Work order:
Take the data below and write it out exactly, except for the pictures.

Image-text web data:
##########

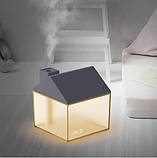 Акумуляторний зволожувач повітря в формі будиночка з підсвіткою Home 250 мл, сірий, фото 2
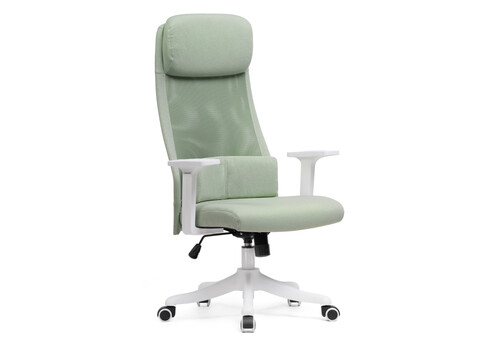 фото компьютерное кресло woodville salta light green / white 15396 | 220svet.ru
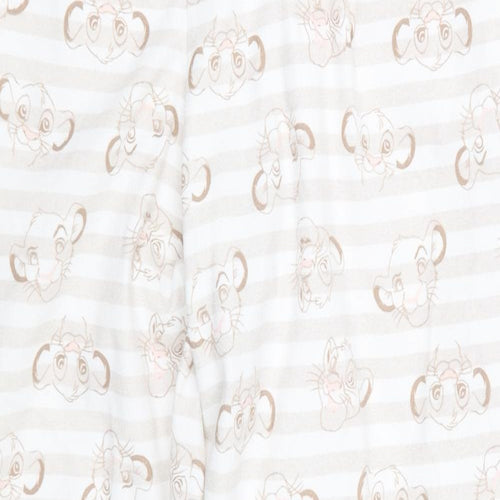 Tesco Womens Beige Geometric  Capri Pyjama Set Size S  - The Lion King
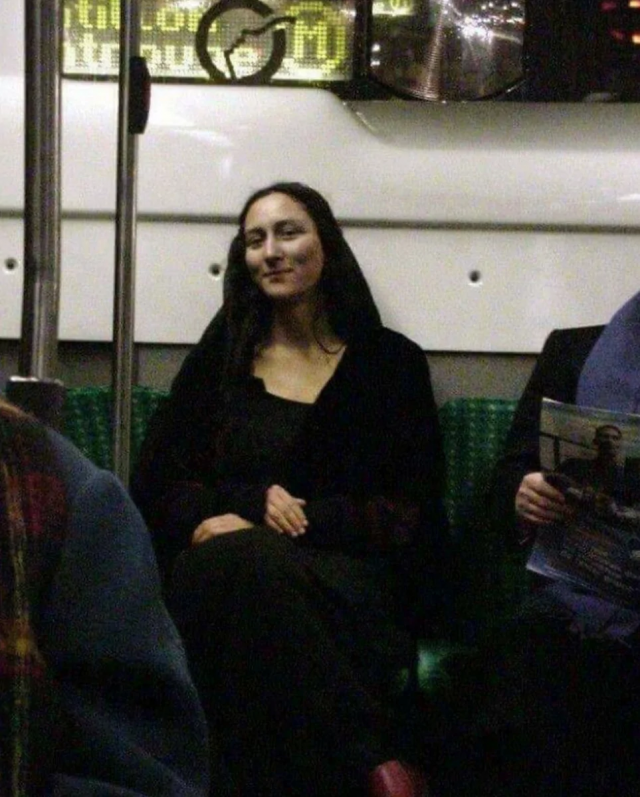 Чего только не увидишь в метро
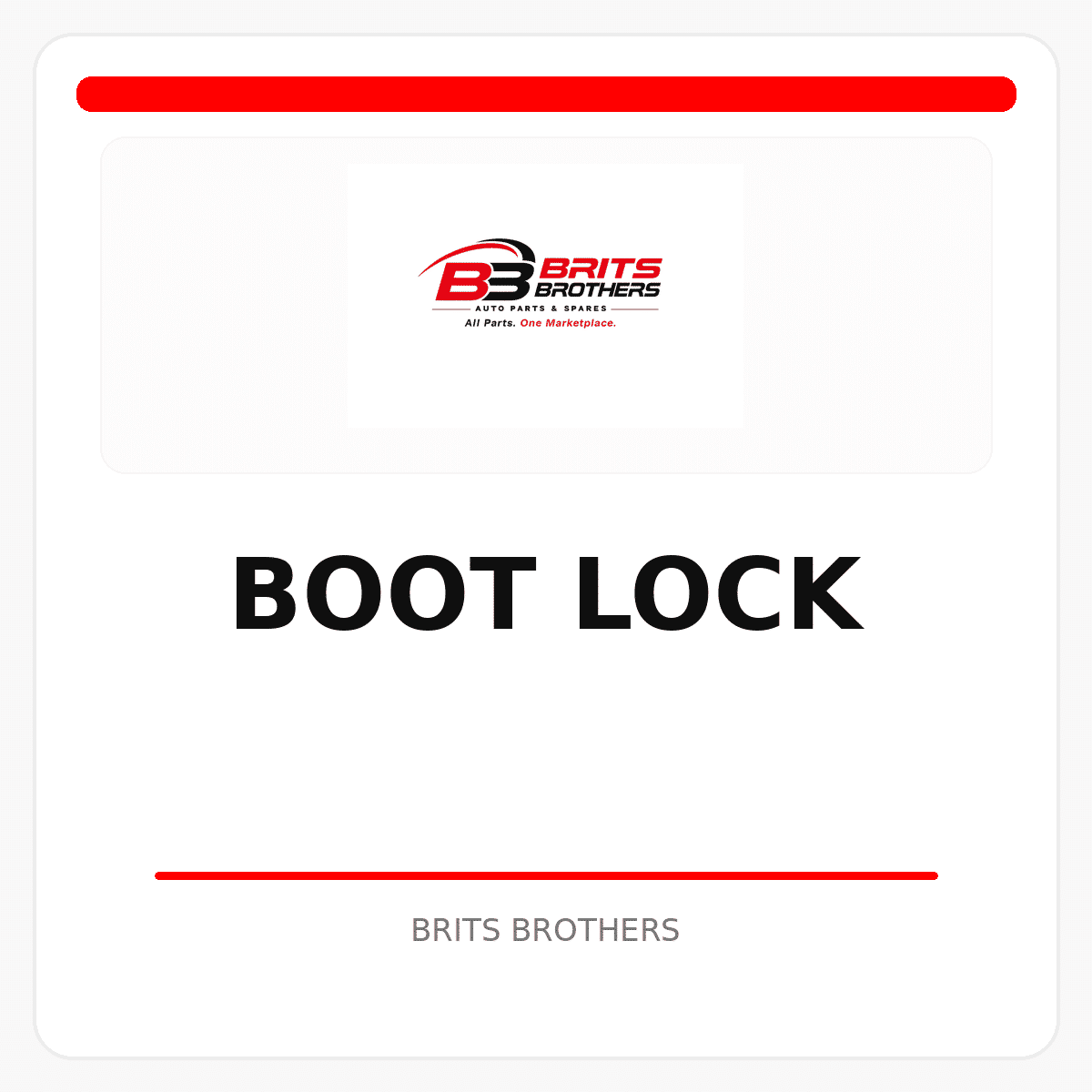 Boot Lock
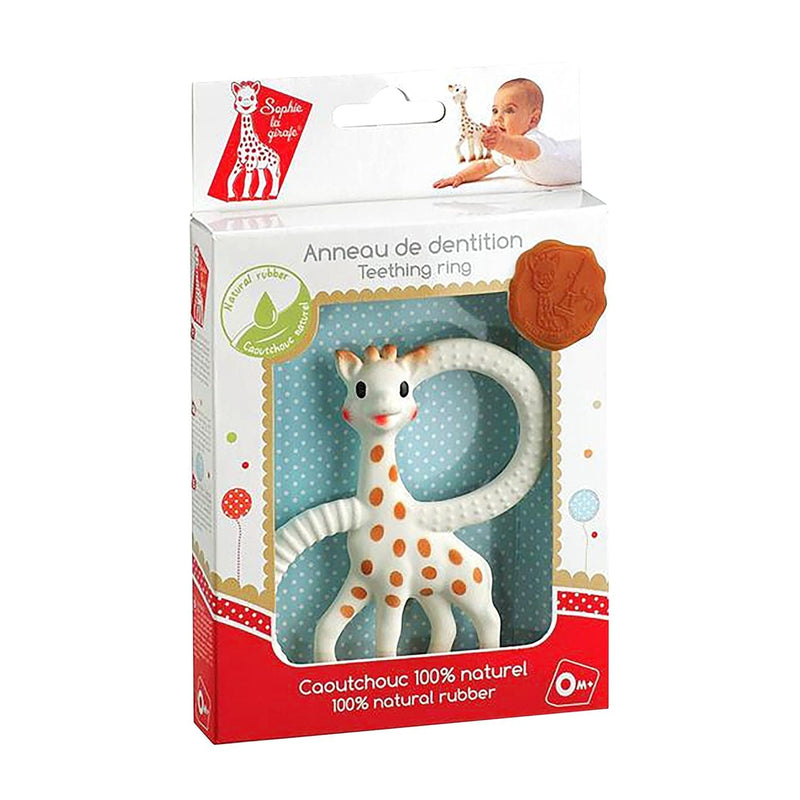 Sophie La Girafe Teether Ring Toy for Babies, Ages 0-3m O2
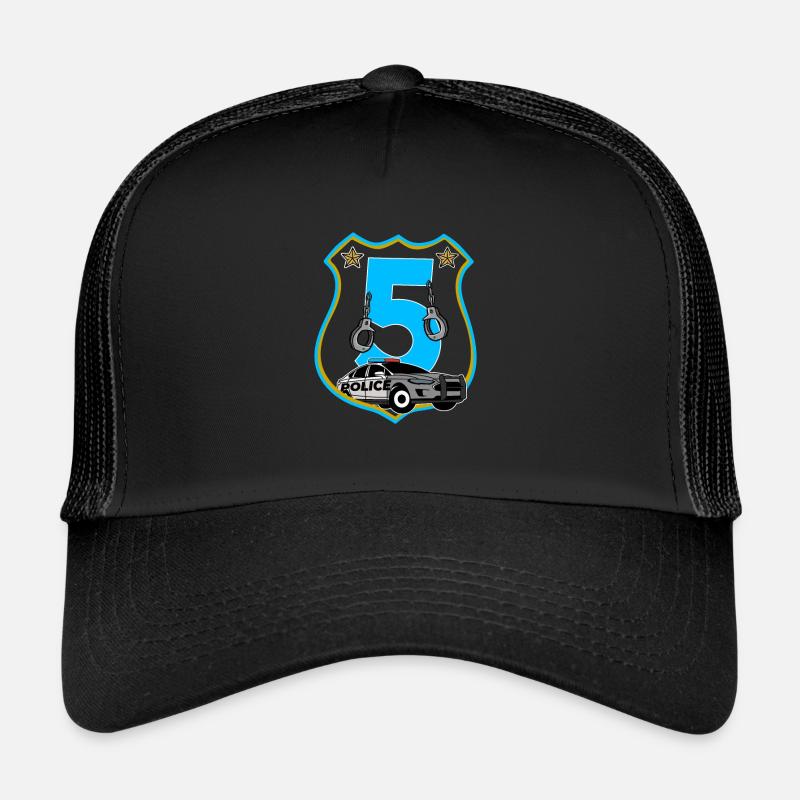 Ich bin schon 5 | 5. Geburtstag Polizei Jungen Trucker Cap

##########

Response to this exercise:
 Акумуляторний зволожувач повітря в формі будиночка з підсвіткою Home 250 мл, сірий, фото 2
 фото компьютерное кресло woodville salta light green / white 15396 | 220svet.ru
 Tesco Womens Beige Geometric  Capri Pyjama Set Size S  - The Lion King
 Чего только не увидишь в метро
 Boot Lock
 Sophie La Girafe Teether Ring Toy for Babies, Ages 0-3m O2
 Ich bin schon 5 | 5. Geburtstag Polizei Jungen Trucker Cap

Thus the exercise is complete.